Column-store versus row-store? Structured data versus multi-structured data? Upgrades blend the best of both worlds.
10 Lessons Learned By Big Data Pioneers
(click image for larger view and for slideshow)
Data warehousing specialist Teradata announced Thursday a battery of upgrades that promise to blur boundaries between database architectures and applications.
The Teradata 14 database, due in December, will bring column-store analysis and compression capabilities to a row-store database. Aster Data 5.0, a release set for early next year, will advance that database's ability to handle a mix of structured, semi-structured, and unstructured information, and Teradata also is adding an Aster appliance built on its hardware.
Beyond these headlines, Teradata also piled on database management and automation upgrades aimed at minimizing the administrative and maintenance requirements of both databases.

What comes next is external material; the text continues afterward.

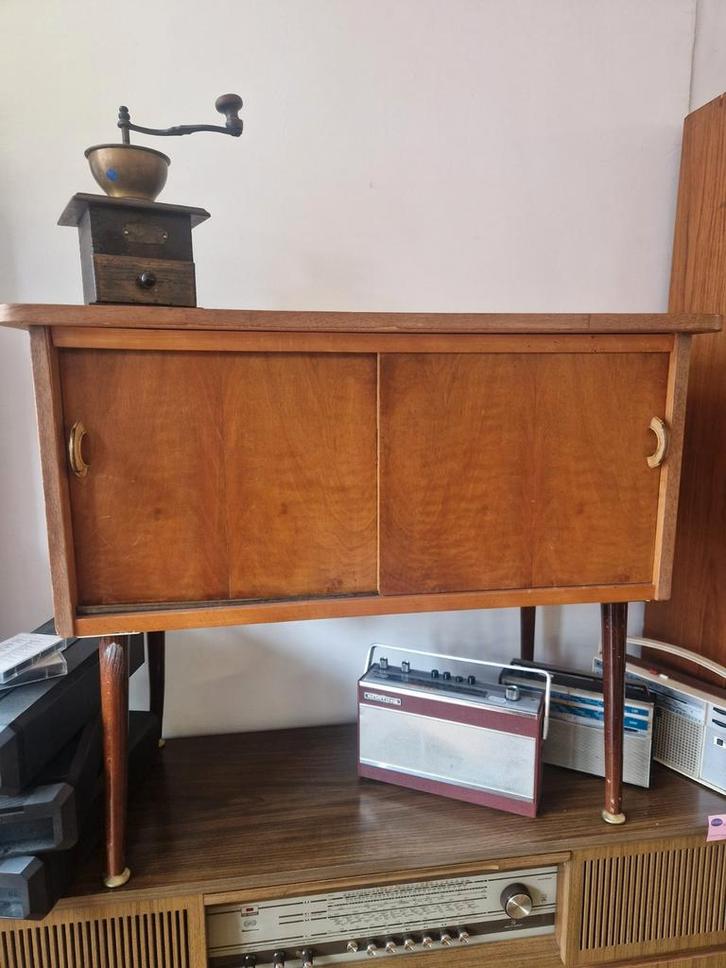 Vintage kastje uit de jaren 60, Huis en Inrichting, Kasten | Dressoirs, Gebruikt, 50 tot 100 cm, 25 tot 50 cm, Met deur(en), Met plank(en)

Bridging the boundaries between row-store and column-store databases is a big deal, and it's something several vendors have been working on. Teradata has always been in the row-store camp along with EMC Greenplum, IBM DB2 and Netezza, Oracle Database, Microsoft SQL Server, and others. Sybase IQ was first a commercially successful column-store database, and products including HP Vertica, Infobright, and ParAccel have delivered variations on the column-store architecture.
Column-store databases have an advantage when you only need to query selected columnar attributes of data, like all the zip codes, product SKU numbers, and transactions dates in the database. That could tell you what sold where within the last month without wading through all the other data that might appear row by row, like the customer name, address, account number, and so on. Less data queried means faster results.
Column-store databases also do a great job at compression because the data in columns is consistent--all zip codes, all dates, all product SKU numbers and so on. That helps column stores achieve upwards 30-to-1 or 40-to-1 compression, depending on the data, while row-store databases, including Teradata's, max out at about 4-to-1 compression.
Teradata says it's 14 release will enable new and existing customers to mix-and-match columnar and row-based physical storage when it best suits an application. When contact center agents at telcos or branch managers at a bank try to answer questions for customers, for example, their queries usually involve only a few attributes of a total customer record. That's just one example of when a column-store approach might yield significantly faster results.
Oracle introduced a Hybrid Columnar Compression feature with Exadata in 2008 that squeezes data to a claimed ratio of 10-to-1. EMC Greenplum introduced a blending of row-store and column-store approaches with its polymorphic data storage approach in 2009. And Aster Data, which was acquired by Teradata in March for $263 million in cash, introduced hybrid row/column-store approach in 2010.
Oracle's hybrid feature does not support selective, columnar querying, so it doesn't speed querying significantly like a true column-store database. Aster does do selective querying, but it does not offer columnar compression, according to independent database analyst Curt Monash. As for EMC Greenplum and Teradata, "each offers different ways to mix column and row storage in the same table with each approach offering advantages," Monash said.
The biggest challenge for Teradata customers may be figuring out when to use a row-based versus column-based approach. "You'd be looking at data-access paths and data demographics to choose between row-store and column-store objects," said Scott Gnau, president of Teradata Labs, in an interview with InformationWeek. "But this is supportive of an enterprise data warehouse approach because it eliminates the temptation to extract certain sets of information and put it on a separate, column-based platform."
A key feature of the new columnar capability is automatic compression that chooses the best compression algorithms for each column of data and that dynamically changes the compression approach as data-access patterns change.
Gnua declined to offer data-compression claims, saying rates would vary depending on the data.
He did, however, predict that Teradata's columnar approach will outperform Oracle's Hybrid Columnar Compression.
Tackling Big Data
Teradata's announcement of the Aster Data 5.0 database and an Aster MapReduce Appliance, both planned for early next year, is a bit of a coming out party for Aster as a unit of the larger company. The database upgrades are incremental and the appliance is no surprise, but Teradata has an opportunity to put the Aster story on a bigger stage.
Teradata bought Aster to take advantage of the smaller company's innovation in blending analysis of structured data, semi-structured data, largely unstructured information, or a mix of all of the above. It does so with its SQL-MapReduce framework, which lets companies perform MapReduce processing on its SQL-based platform.